For this to become a reality, it’s important that we as adults and teachers send the right message:  It is of less importance that we experience failure than that we don’t give up when we do. If we adhere to Snyder’s deductions about the components of hope, then we need to take action and support students in setting realistic goals and encourage them as they pursue these goals.

We must reinforce the importance of effort and perseverance over immediate results.

We must make goal setting a consistent and important part of our classroom practice.

We must change our own attitude that sees grades as the end point of student learning.

We must model the daily struggle to grow through our own failures for students.

They need to see us struggle with things, too, and we need to model and consistently reinforce the most power tenent we can give them: Do not give up.


In the classroom, practices that teach and reinforce hope can take on a variety of routines and messages, some of which will happen naturally and some of which will happen purposefully. The most natural occurrence is when I have a bad day. Students are amazingly aware not only of everything we do and say, but how we do and say it.
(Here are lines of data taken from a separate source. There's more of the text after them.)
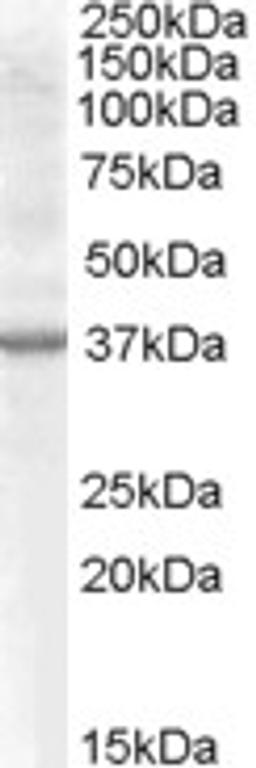 46-279 (0.5ug/ml) staining of Rat Kidney lysate (35ug protein in RIPA buffer). Primary incubation was 1 hour. Detected by chemiluminescence.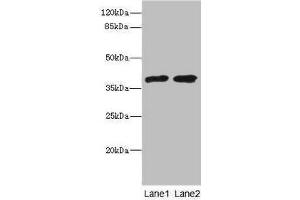 Western blot All lanes: TCF19 antibody at 0. (TCF19 抗体  (AA 1-290))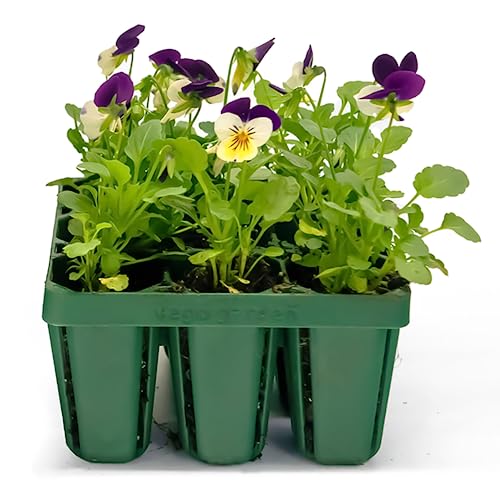 Vego garden Standard Seedling Trays Without Lids, 32 Pack for Seedlings Reusable Propagator Growing Starter Tray, Germination Trays Kit for Greenhouse/Garden (8-Cell per Tray) - size: 32 Packs, style: 8 Cells Standard Size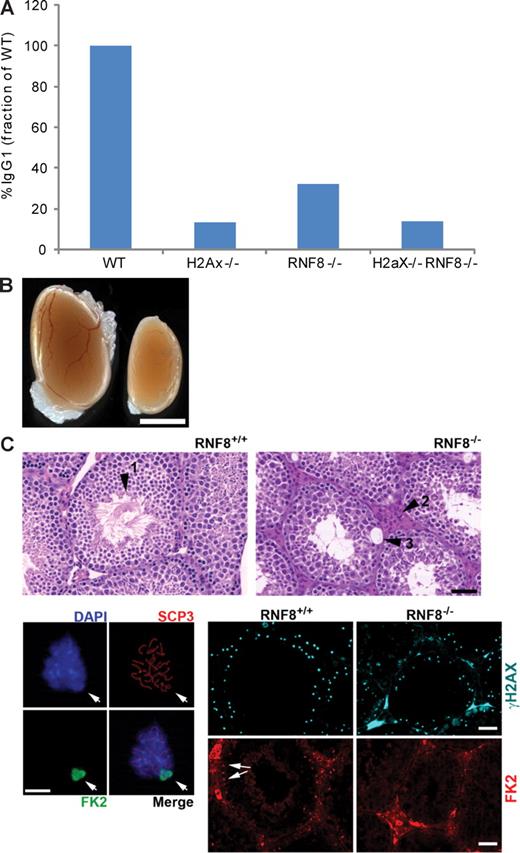 Figure 3. RNF8 and H2AX function epistatically in class switching and spermatogenesis. (A) Frequency of IgG1 expression in B cells from WT, H2AX−/−, RNF8−/−, and H2AX−/−RNF8−/− mice stimulated with LPS plus IL-4 for 4 d. One representative out of three independent experiments is shown (Fig. S3). (B) Comparison of testes size in RNF8+/+ and RNF8−/− mice. Bar, 3 mm. (C, top) Sections of testes stained with hematoxylin-eosin. (arrowhead 1) In RNF8+/+ testes, mature sperm is organized in a rosette-like manner and is abundant. In RNF8−/− testes, the amount of sperm is much reduced. RNF8 mutant testes show evidence of degeneration such as the accumulation of Leydig cells in intertubular spaces (arrowhead 2) and areas of vacuolization (arrowhead 3). Bar, 50 µm. (bottom left) Immunofluorescence of isolated WT mouse spermatocytes with antibodies against SCP3 (red) and FK2 (green). The image illustrates that the staining of FK2 is restricted to the XY body. Bar, 5 mm. (bottom right) Immunofluorescence of testes from RNF8+/+ and RNF8−/− animals stained with antibodies against γH2AX (green) and FK2 (red). Note that although a normal γH2AX signal was detected in both tissues, the sex body–associated FK2 signal (arrows) was not detectable in RNF8−/− testes. Bars, 50 mm. Two mice of each genotype were analyzed in B and C.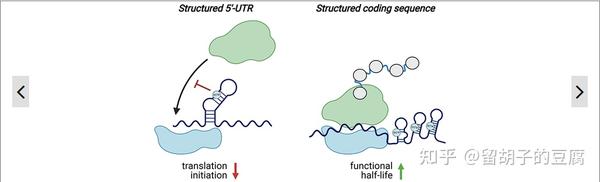 密码子和二级结构对mRNA蛋白表达水平的影响。 - 知乎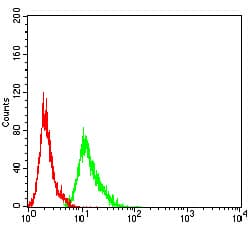 AEBP2 Antibody (clone 2D7B6)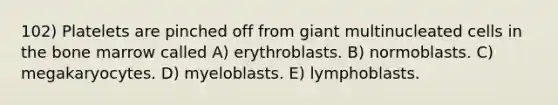 102) Platelets are pinched off from giant multinucleated cells in the bone marrow called A) erythroblasts. B) normoblasts. C) megakaryocytes. D) myeloblasts. E) lymphoblasts.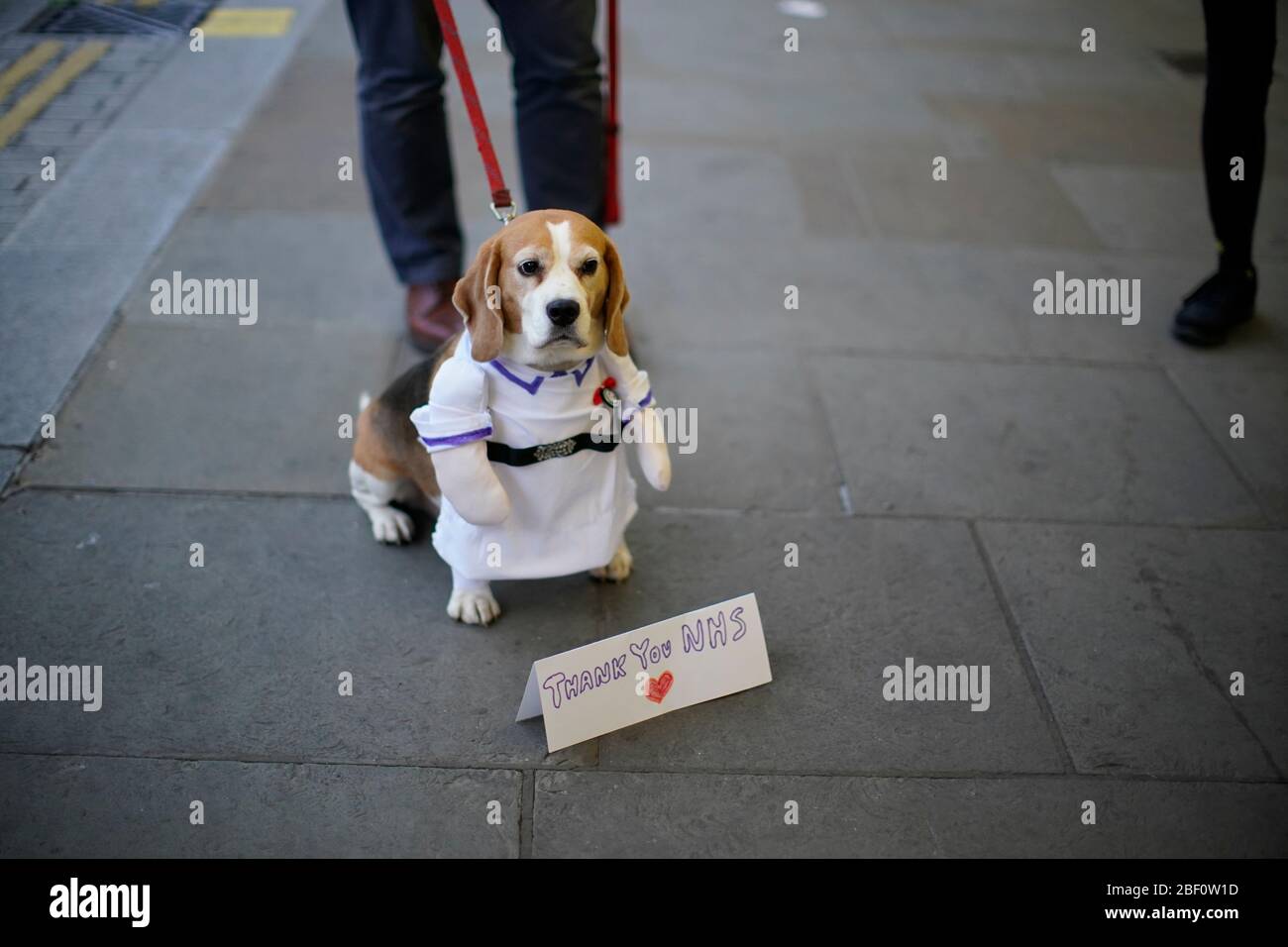 Un chien du centre de Londres, aide à saluer les héros locaux au cours de l'initiative nationale Clap for Carers NHS de jeudi pour applaudir les travailleurs et les soignants du NHS qui luttent contre la pandémie de coronavirus. Banque D'Images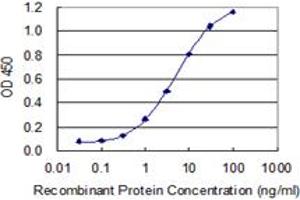 Detection limit for recombinant GST tagged MFAP3 is 0. (MFAP3 antibody  (AA 262-362))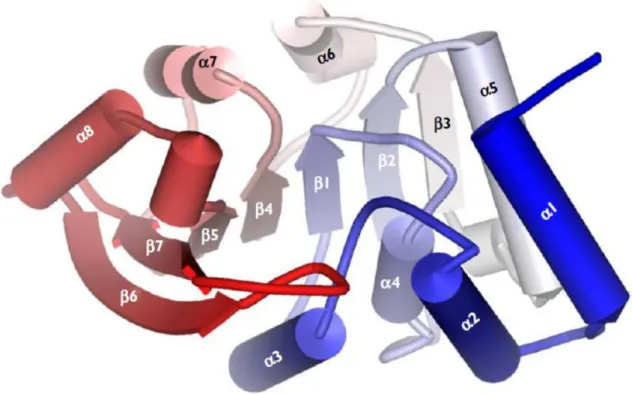 Figure 1 - The tertiary structure of the catechol-O methyl transferase enzyme, depicting the overall fold  of a catechol-O methyl transferase structure [23].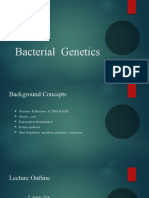Bacterial Genetics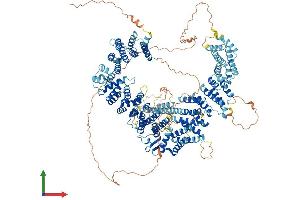 AlphaFold protein structure predicition of Human Recombinant MYBBP1A Protein, UniprotID Q9BQG0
When we’re having a bad day, our students know it. No matter how much we try to hold in our frustrations, our feelings are expressed through our body language– the way we stand, whether or shoulders are loose or scrunched, whether our teeth are clenched or open, whether our smile is forced or genuine. So one way we indirectly teach hope is through our emotional and professional consistency. No matter how badly a class can knock us on our ass one day (and kids definitely know when this happens), we show up the next day ready for a new start. When we have a bad day, when we fail, we show up the next day and try again. When students make mistakes, or try our patience, we don’t move on or give up, we try again.

One way I try to reinforce this in my classroom is by allowing students to rewrite essays they performed badly on. Teachers, and students, should see grades as a data point, not an end point, in student learning. When we take the time to teach and purposefully set goals with our students, revisit those goals, and re-evaulate those goals, rewriting and rethinking become a very powerful tool. The more opportunities we give students to make mistakes without penalty, the more times they will be willing to make mistakes. The more time we allow students to productively struggle, the more they’ll believe they can achieve success through that struggle. In order to change their schema about failure and, thus, instill hope, we need to let them fail. Then we need to let them try again.

Another way we can instill hope is by explicitly teaching and reinforcing it. Studies have shown how important explicit teaching is in creating a growth mindset in students, and hope is no different. In addition to teaching about hope, teachers need to use everyday language that praises effort over results, hard work over intelligence. We need to  reinforce our belief in their abilities, never allowing failure to be the end point of a learning experience, by using phrases such as “take another look at your notes, then try the problem again;” “if we take our time with this passage, as a group I know we can break it down.”

As teachers, we have an amazing amount of power over how our students see themselves and the world around them. Many students growing up in inner-city, poor neighborhoods, have social-emotional deficits that hamper their learning and their development as people. As we spend our days teaching reading, writing, and math, we shouldn’t lose sight over the powerful difference we can make in our students’ emotional learning and development.

We need to model what we want to see in our students. Let them know we struggled and that we expect them to struggle. Don’t give up on them. Hold them to realistic expectations. Keep believing in them.